[Items from a data source]
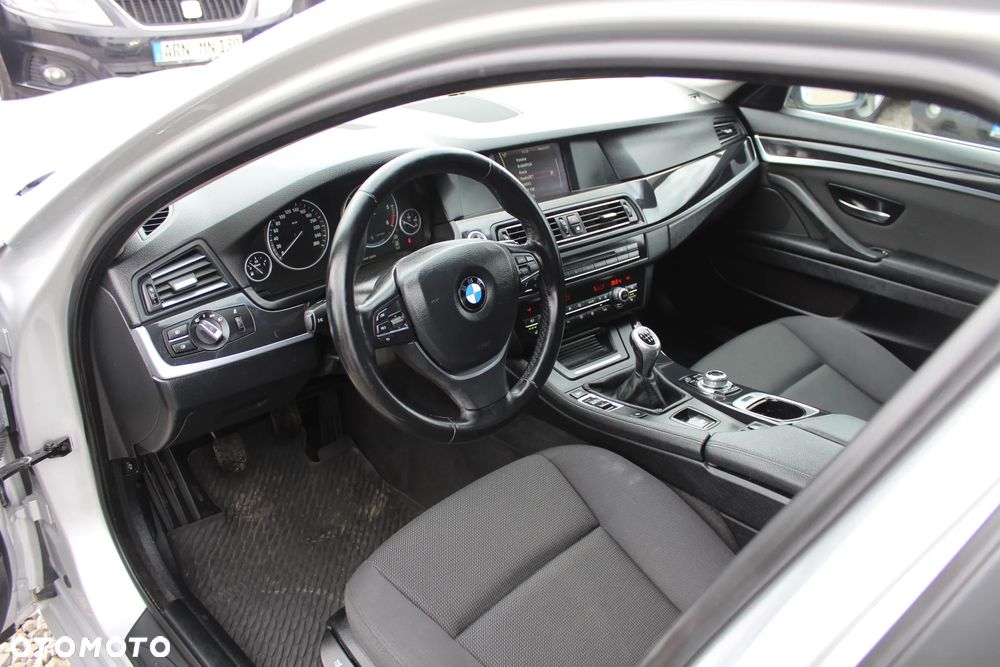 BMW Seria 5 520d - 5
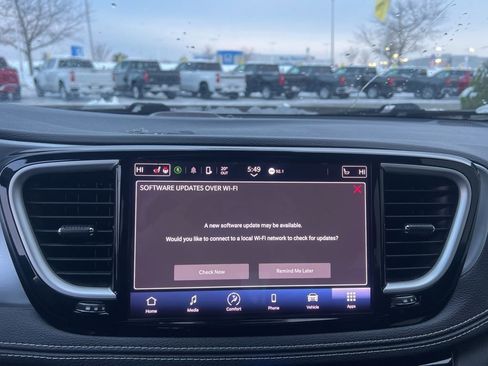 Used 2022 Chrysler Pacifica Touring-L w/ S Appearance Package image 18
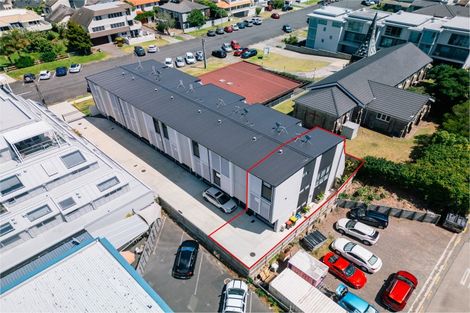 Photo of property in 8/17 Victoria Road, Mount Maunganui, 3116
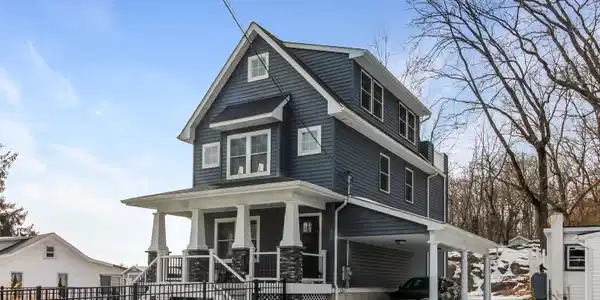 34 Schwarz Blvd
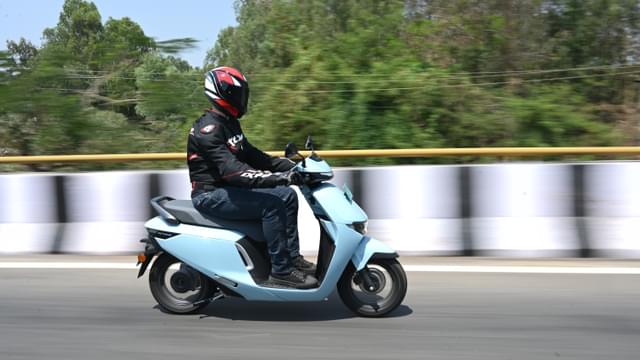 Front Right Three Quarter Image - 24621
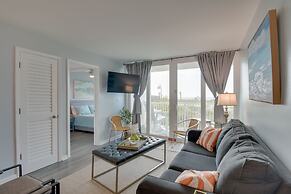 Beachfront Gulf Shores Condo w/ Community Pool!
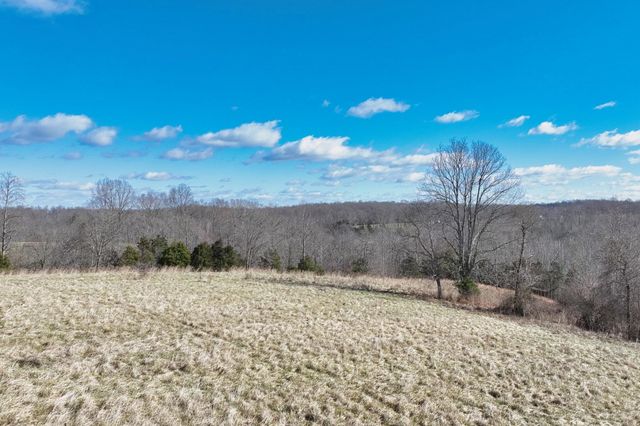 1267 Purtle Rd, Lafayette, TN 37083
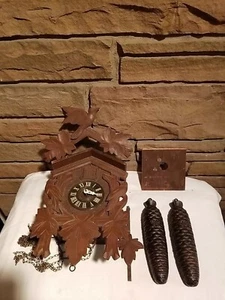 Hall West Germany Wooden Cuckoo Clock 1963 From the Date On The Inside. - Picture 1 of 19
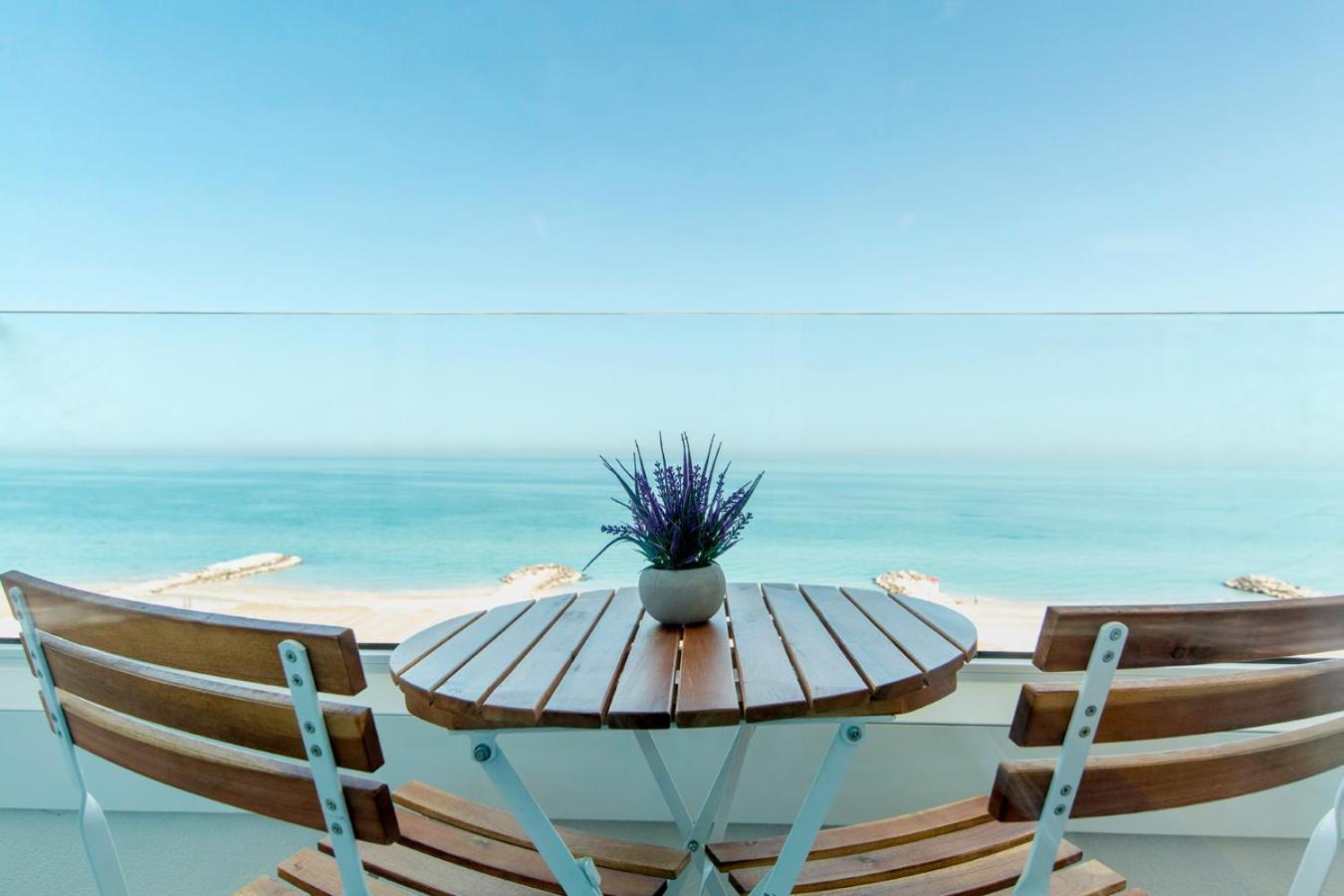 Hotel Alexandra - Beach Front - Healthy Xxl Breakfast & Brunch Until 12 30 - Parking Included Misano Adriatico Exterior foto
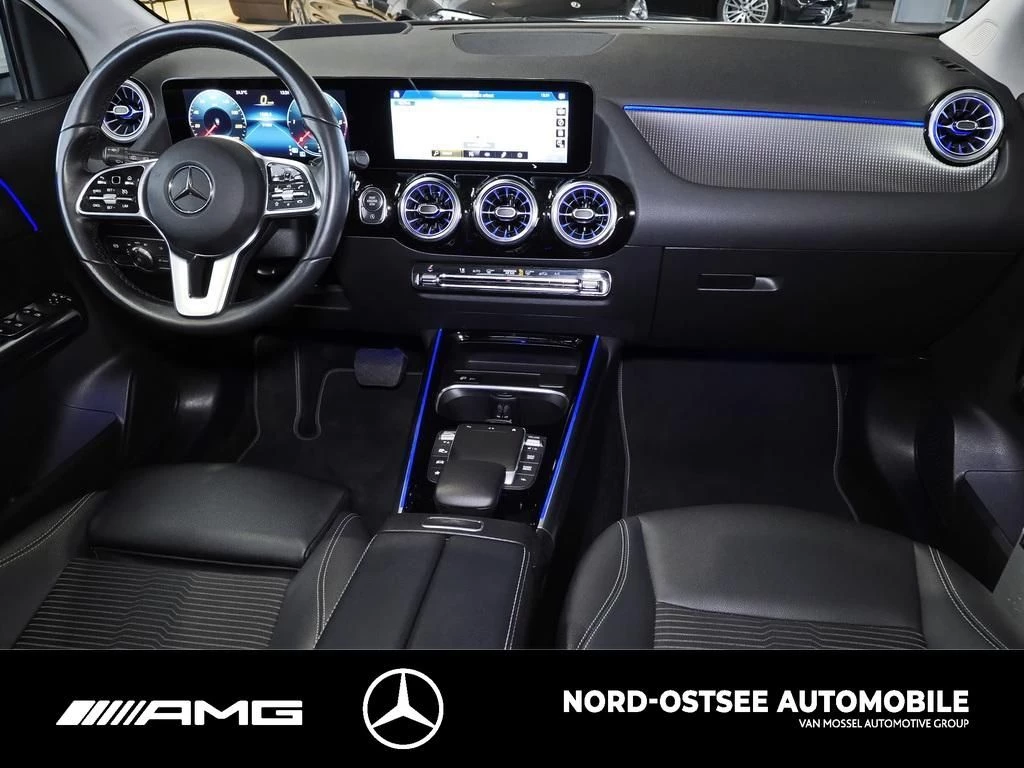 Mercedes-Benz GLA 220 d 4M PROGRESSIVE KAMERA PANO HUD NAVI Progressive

§ **Exercise**
Please repeat, exactly and with nothing else, the lines from the one containing "Used 2022 Chrysler" to the last line of the entries, both included, excluding any pictures.

§ **Result**
 Used 2022 Chrysler Pacifica Touring-L w/ S Appearance Package image 18
 Photo of property in 8/17 Victoria Road, Mount Maunganui, 3116
 34 Schwarz Blvd
 Front Right Three Quarter Image - 24621
 Beachfront Gulf Shores Condo w/ Community Pool!
 1267 Purtle Rd, Lafayette, TN 37083
 Hall West Germany Wooden Cuckoo Clock 1963 From the Date On The Inside. - Picture 1 of 19
 Hotel Alexandra - Beach Front - Healthy Xxl Breakfast & Brunch Until 12 30 - Parking Included Misano Adriatico Exterior foto
 Mercedes-Benz GLA 220 d 4M PROGRESSIVE KAMERA PANO HUD NAVI Progressive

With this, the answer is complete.